Robert Haas <robertmhaas@gmail.com> wrote:
> Hmm. That looks a lot like a profile with no lock contention at
> all. Since I see XLogInsert in there, I assume this must be a
> pgbench write test on unlogged tables? How close am I?
Not unless pgbench on HEAD does that by default. Here are the
relevant statements:
$prefix/bin/pgbench -i -s 150
$prefix/bin/pgbench -T $time -c $clients -j $clients >>$resultfile
Perhaps the Intel cores implement the relevant primitives better?
Maybe I didn't run the profile or reports the right way?
> I was actually thinking it would be interesting to oprofile the
> read-only test; see if we can figure out where those slowdowns are
> coming from.
I'll plan on doing that this weekend.
>> tps = 21946.961196 (including connections establishing)
>> tps = 22911.873227 (including connections establishing)
>>
>> For write transactions, that seems pretty respectable.
>
> Very. What do you get without the patch?
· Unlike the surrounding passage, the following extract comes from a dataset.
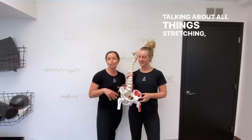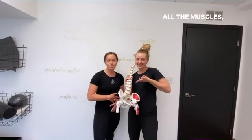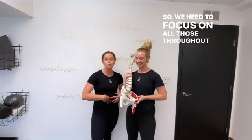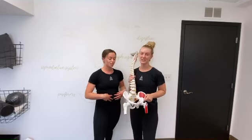Talking about all things stretching, mobility, connecting the low back down to your pelvis and through your core. All the muscles and all the joints are connected interchangeably, so we need to focus on all those throughout your pregnancy so you can feel your utmost best going into your labor and delivery.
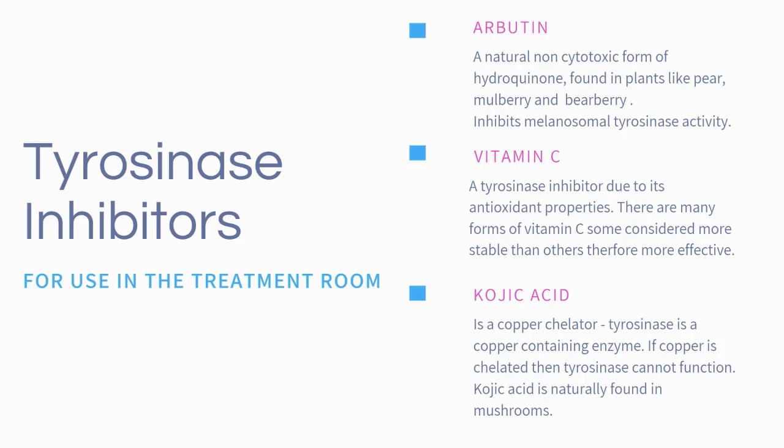Arbutin is a natural derivative of hydroquinone without the toxic side effects that are often associated. Arbutin comes from plants like cranberry, mulberry, pear, and bearberry, but can also be synthetically created in a lab. Vitamin C is also considered a tyrosinase inhibitor with fabulous antioxidant properties. There are many forms of vitamin C, and some are more stable, therefore considered more effective than others.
[quick runs a couple tests that way]
Single run with -M simple:
tps = 23018.314292 (including connections establishing)
Single run with -M prepared:
tps = 27910.621044 (including connections establishing)
So, the patch appears to hinder performance in this environment,
although certainty is quite low with so few samples. I'll schedule
a spectrum of runs before I leave this evening (very soon).